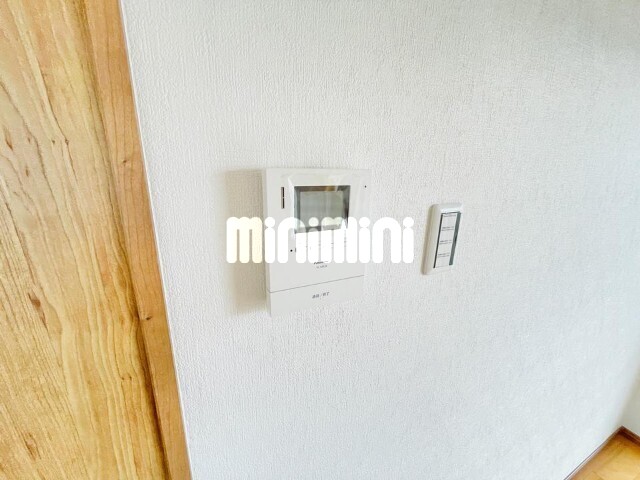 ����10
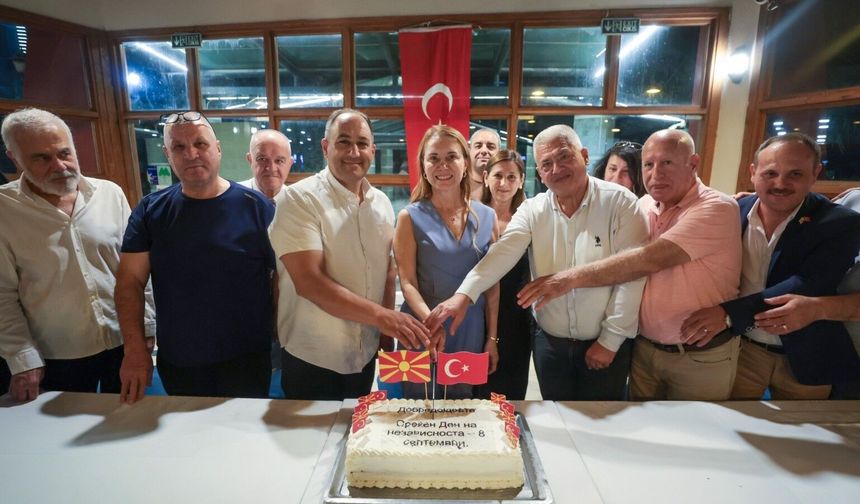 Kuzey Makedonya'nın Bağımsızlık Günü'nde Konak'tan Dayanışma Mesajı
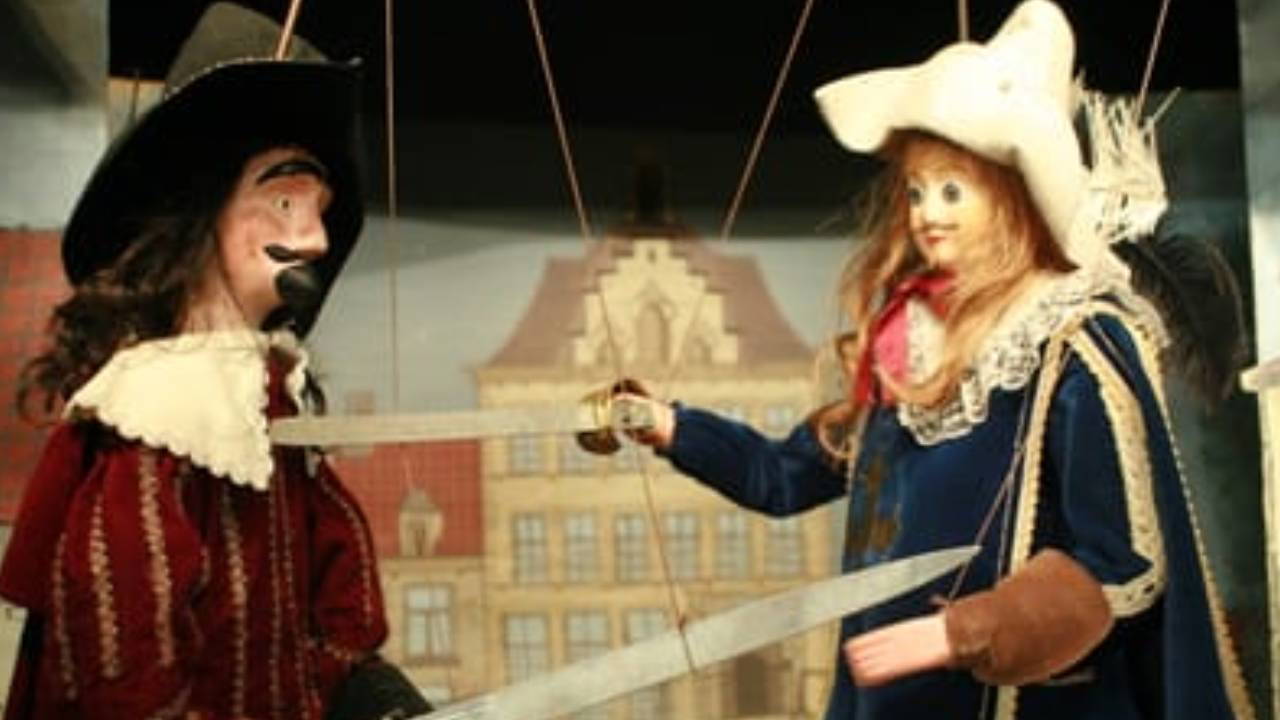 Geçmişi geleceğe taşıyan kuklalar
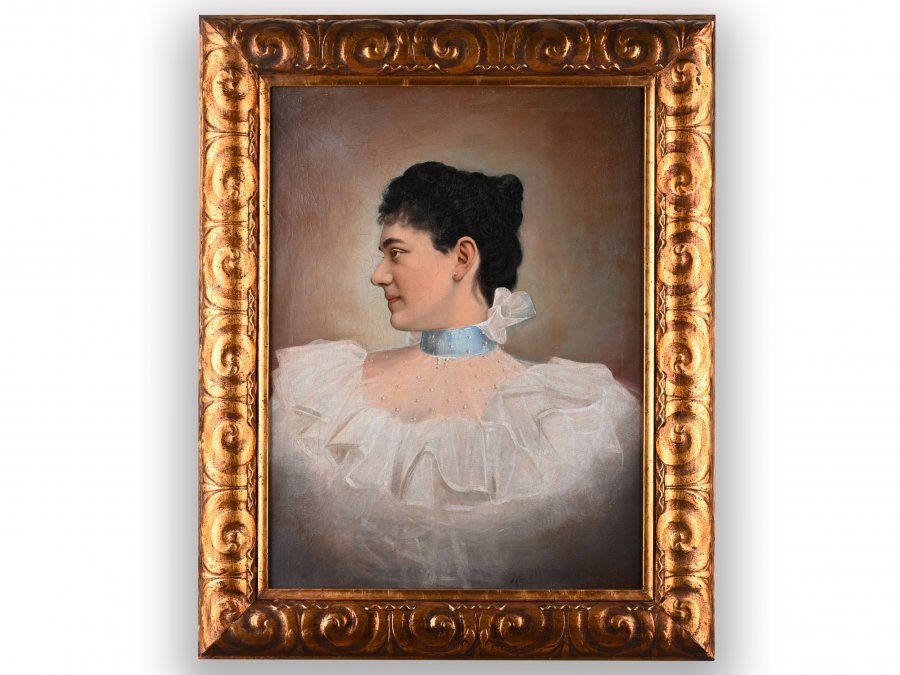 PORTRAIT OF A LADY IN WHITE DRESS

---

_AIM OF THE TASK_. Write out the line that contains "Geçmişi geleceğe taşıyan kuklalar" and every line after it to the end of the data, exactly as they stand. Omit the pictures.

_THE ANSWER_.
 Geçmişi geleceğe taşıyan kuklalar
 PORTRAIT OF A LADY IN WHITE DRESS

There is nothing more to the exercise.